海賊版サイトは、オンラインのストレージサイトに何者かがzipファイルなどをアップして公開する「サイバーロッカー」型や、漫画村のようにネット上の画像を自動で収集・保存する「機械収集クローン型」など、いくつかの種類に分けられる。
海外では「スキャンレーター」(スキャン+翻訳)と呼ばれる、日本語が分かる現地の漫画ファンたちが海賊版サイトを支えているという。赤松さんによると、スキャンレーションは3~5人のチームで行われ、スキャン、翻訳、最終チェックなど工程ごとに分業されている。プロの翻訳家ではないので翻訳の質は安定せず誤訳も少なくないとしている。
「作品や作家への理解が深いので、プロの翻訳家より良い翻訳をすることもある。彼らは誇りを持ってやっていることが多い」(赤松さん)
おおもとになる原本(RAWデータ)を調達する「Raw provider」と呼ばれる存在は、日本国内にいるようだ。
2015年11月、「週刊少年ジャンプ」に連載中の漫画「ONE PIECE(ワンピース)」を雑誌発売前に無断でネット上にアップロードしたとして、配送会社の社員を含む中国人3人が京都府警に逮捕された。「配送業者が発売前の雑誌を外部に渡し、報酬を受け取っている」(赤松さん)

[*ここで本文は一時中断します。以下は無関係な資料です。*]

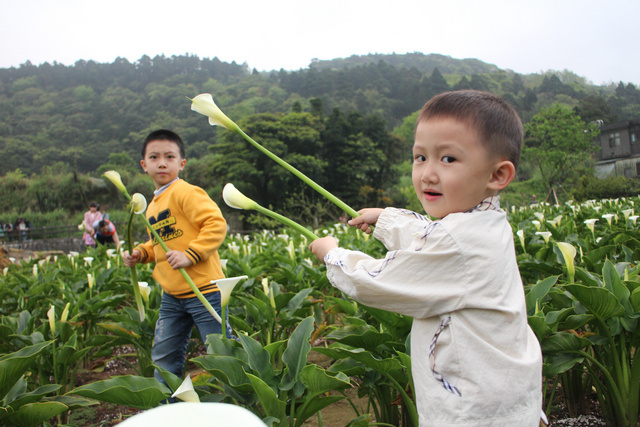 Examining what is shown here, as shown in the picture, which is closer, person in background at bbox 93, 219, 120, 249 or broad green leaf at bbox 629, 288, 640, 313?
broad green leaf at bbox 629, 288, 640, 313

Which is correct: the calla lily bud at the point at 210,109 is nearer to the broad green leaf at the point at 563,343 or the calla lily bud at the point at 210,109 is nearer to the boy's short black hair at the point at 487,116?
the boy's short black hair at the point at 487,116

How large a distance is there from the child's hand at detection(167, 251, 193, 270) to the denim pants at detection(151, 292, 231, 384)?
0.27 metres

漫画村がアクセスできなくなった後も、いまだにこうした海賊版サイトは存在し続けている。赤松さんは、海賊版サイト対策として以前から各社の漫画を1つのサイトで読める「出版社横断プラットフォーム」を作ることを提案している。
赤松さんは「横断プラットフォームを作るなら、大手出版社は全て参加しないと意味がない」と話す。だが、現状横断は不可能という。